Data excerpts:
------

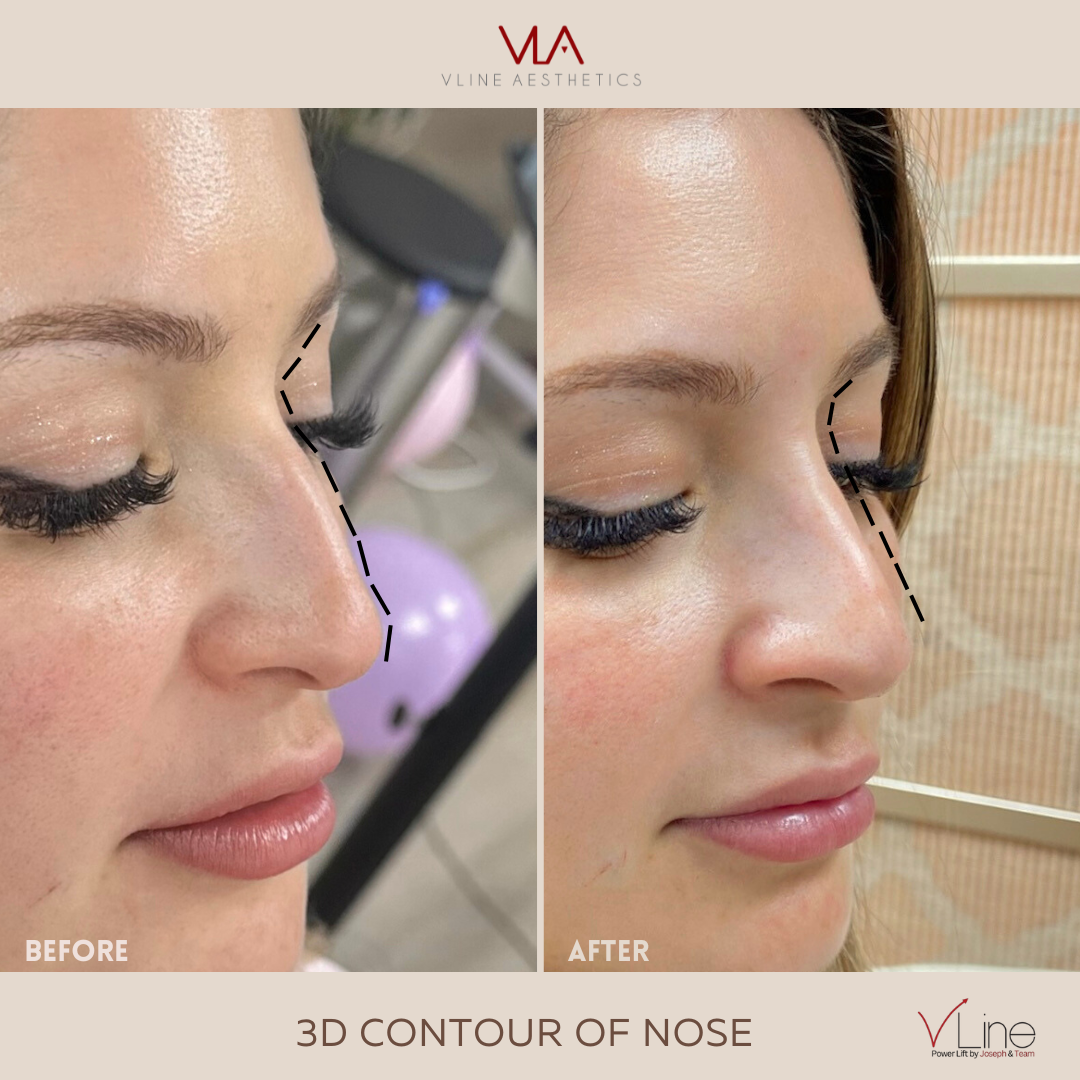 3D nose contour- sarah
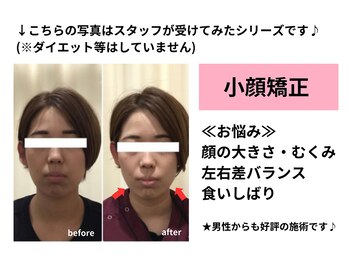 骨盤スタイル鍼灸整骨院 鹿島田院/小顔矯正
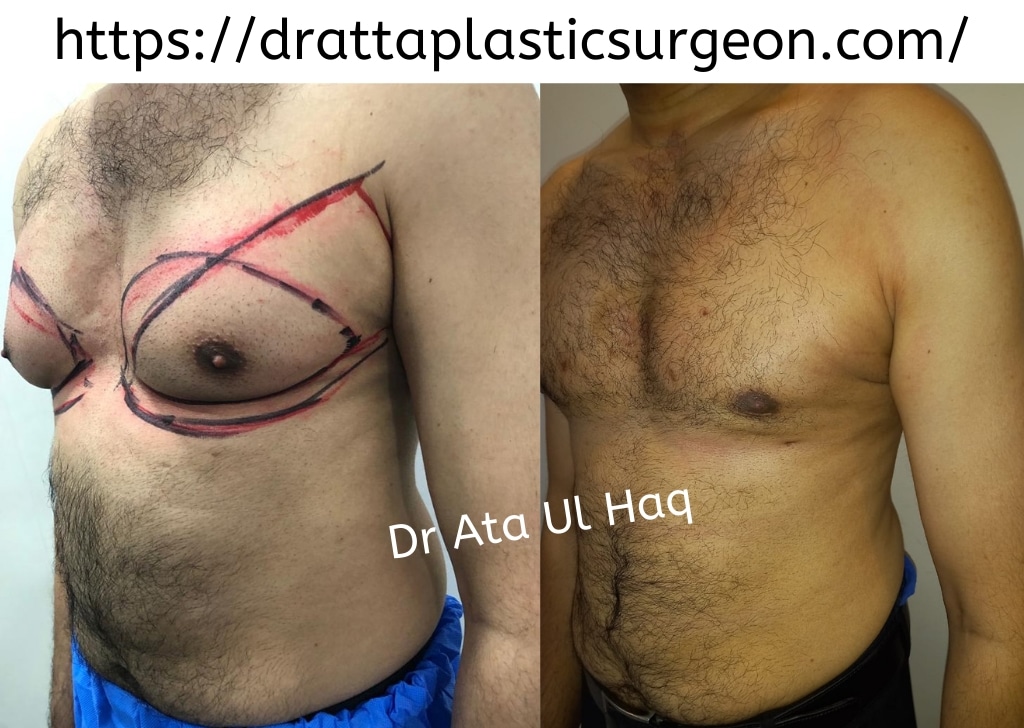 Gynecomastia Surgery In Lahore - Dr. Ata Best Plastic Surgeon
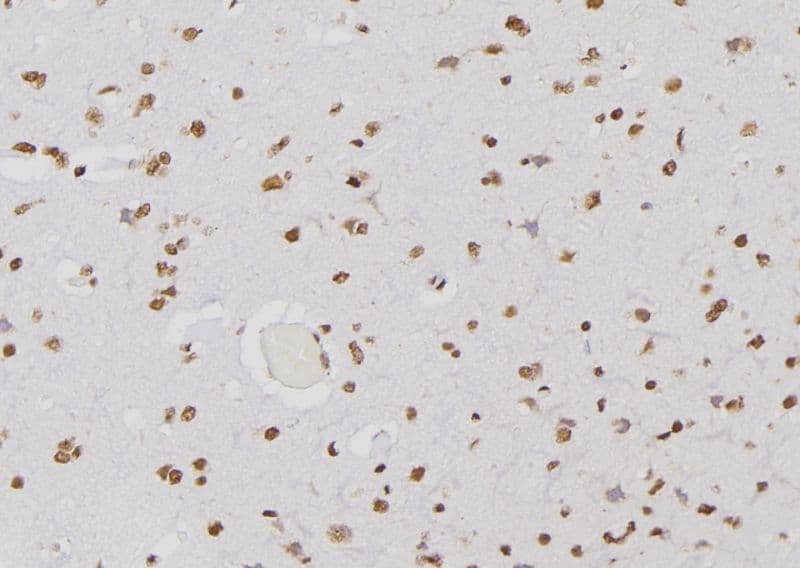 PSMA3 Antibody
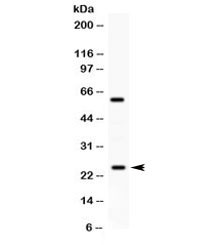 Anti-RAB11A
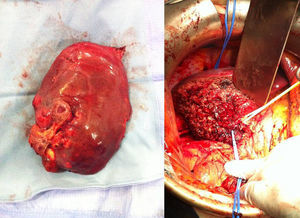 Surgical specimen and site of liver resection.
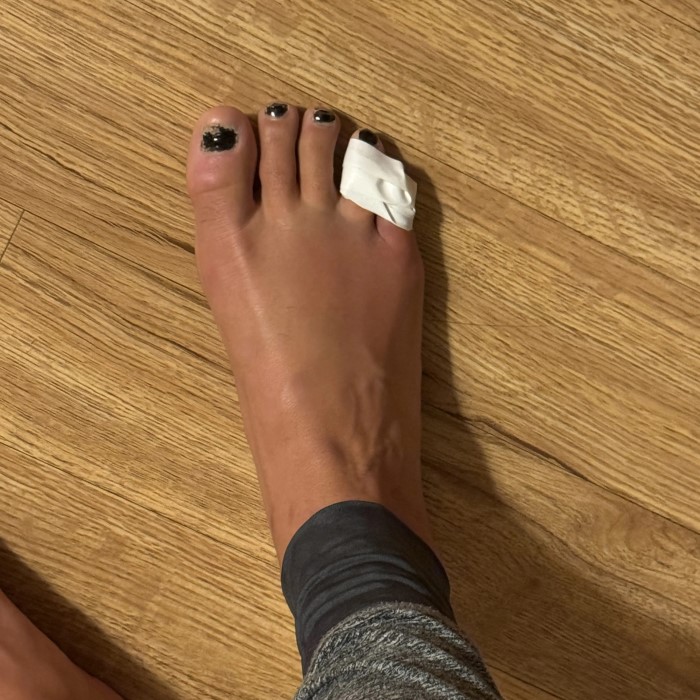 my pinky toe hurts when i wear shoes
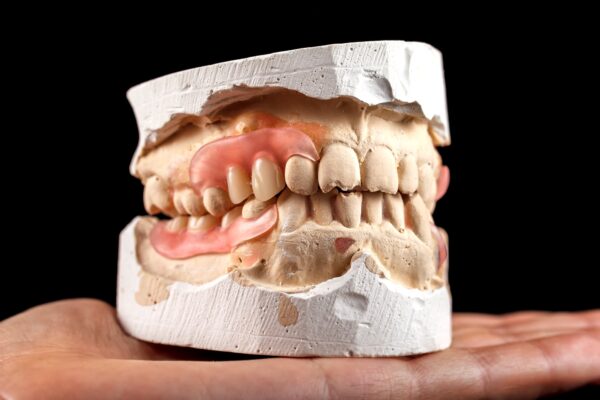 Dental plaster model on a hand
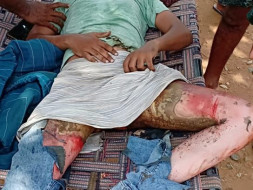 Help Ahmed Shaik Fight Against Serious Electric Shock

------

* **TO DO**
What the answer needs is every record above, exactly as written, and no pictures.

* **REPLY TO THE EXERCISE**
 3D nose contour- sarah
 骨盤スタイル鍼灸整骨院 鹿島田院/小顔矯正
 Gynecomastia Surgery In Lahore - Dr. Ata Best Plastic Surgeon
 PSMA3 Antibody
 Anti-RAB11A
 Surgical specimen and site of liver resection.
 my pinky toe hurts when i wear shoes
 Dental plaster model on a hand
 Help Ahmed Shaik Fight Against Serious Electric Shock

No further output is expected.